Since 2005 I've reserved 154 nights via II at an average nightly cost of  $90.34. This also does not include deed costs but does include MFs, II  exchange fees and property taxes. (Note I haven't included II membership,  and should add this to my spreadsheet, though it's an incidental cost).  Of my non-SVN club weeks my total cost was ~$4,000 plus the special  assessment for SVN which I don't believe I've included in my  calculations (anyone remember what the second year cost was for SVR  Falls?) but IIRC was about $600 per unit for the second year, totaling  ~$5,200 cost, adding $33.77 per night. If true, then my actual cost was  $124.11, which is good for me (note it's only slightly more expensive  than my SVN week). I think it's feasible to make as good exchanges as  I've done with less expensive weeks, as well.

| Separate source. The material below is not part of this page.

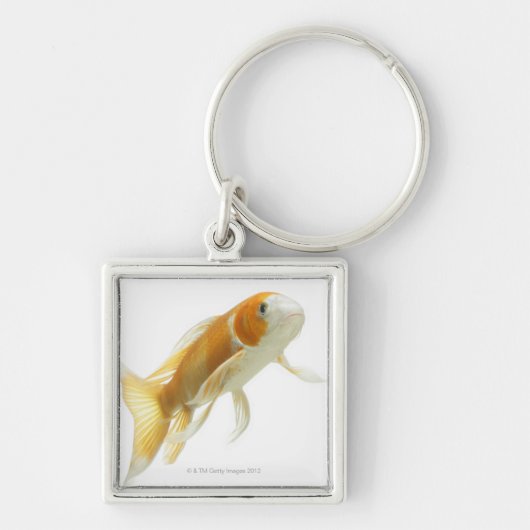 Porte-clés Carpe (Cyprinus carpio) (Devant)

This includes two weeks in a studio, three weeks in a 1-bed, four weeks  in a premium 1-bed, 10 weeks in a 2-bed, and two weeks in a 3-bed unit.  An additional week from 2011 is already paid for and deposited waiting  for trade (plus two weeks from 2013, not included here). Most of the  resorts traded to are in SVN and Marriott along with a a few others  (such as the 3-bed ski weeks at Grand Timber Lodge). For reference, the  "worst" timeshare was in January at The Villas at Polo Tower in Las  Vegas, but I had two XYZ weeks there with an average nightly cost of  just $24.14 per unit for that stay.


II Getaways

I've reserved nine weeks (63 nights) using II Getaways at an average  cost of $66.17 per night. This includes three weeks at Westin Mission  Hills, two weeks at Marriott Grand Chateau, and weeks at Marriott Desert  Springs II, Marriott Timber Lodge (ski week!), Four Seasons Scottsdale  (for only $227) and even Harborside at Atlantis. 

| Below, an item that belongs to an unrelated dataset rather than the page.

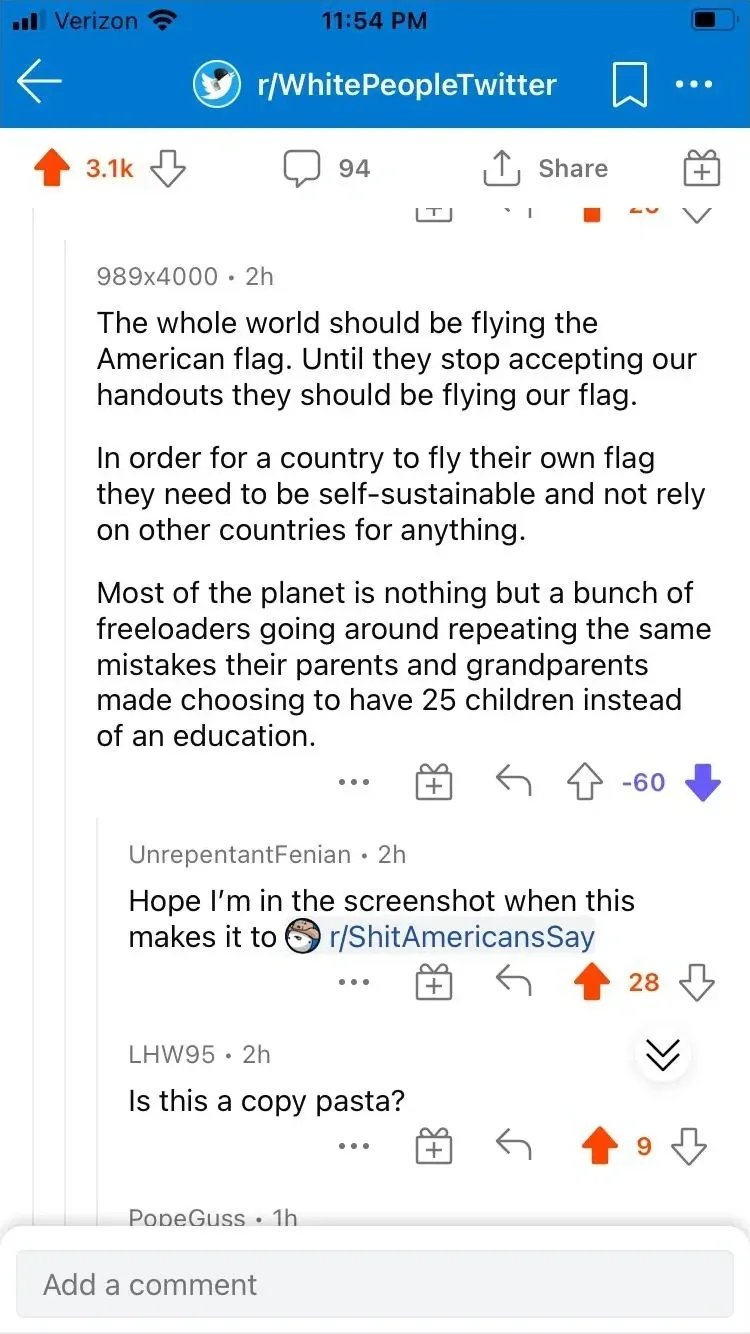 Reddit mobile app screenshot from r/WhitePeopleTwitter. User 989x4000 (2h): "The whole world should be flying the American flag. Until they stop accepting our handouts they should be flying our flag. In order for a country to fly their own flag they need to be self-sustainable and not rely on other countries for anything. Most of the planet is nothing but a bunch of freeloaders going around repeating the same mistakes their parents and grandparents made choosing to have 25 children instead of an education." (-60 downvotes). Reply from UnrepentantFenian (2h): "Hope I'm in the screenshot when this makes it to r/ShitAmericansSay". Reply from LHW95 (2h): "Is this a copy pasta?"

I paid for II's Platinum membership for this year and hope to use at  least one or two Getaways, for $50 discount each, plus a Platinum Escape  week (which are ridiculously inexpensive). However, since the average  cost per week has increased over the last six years, this isn't going to  reduce my average Getaway weekly cost in any significant manner.


----------



## dioxide45 (Mar 7, 2012)

I've kept track of our timeshare costs since we started timesharing and bought in 2007. I price it out per night based on if I were to stop timesharing today and give away the weeks for $0. I have broken it down where I even include the $15 membership for for TUG. If I didn't timeshare, I wouldn't probably be a member here.

Our total cost is $218.17 per night. We didn't pay $1 for our units and we bought the first at the peak of the market. So that is a huge hit on the per night cost.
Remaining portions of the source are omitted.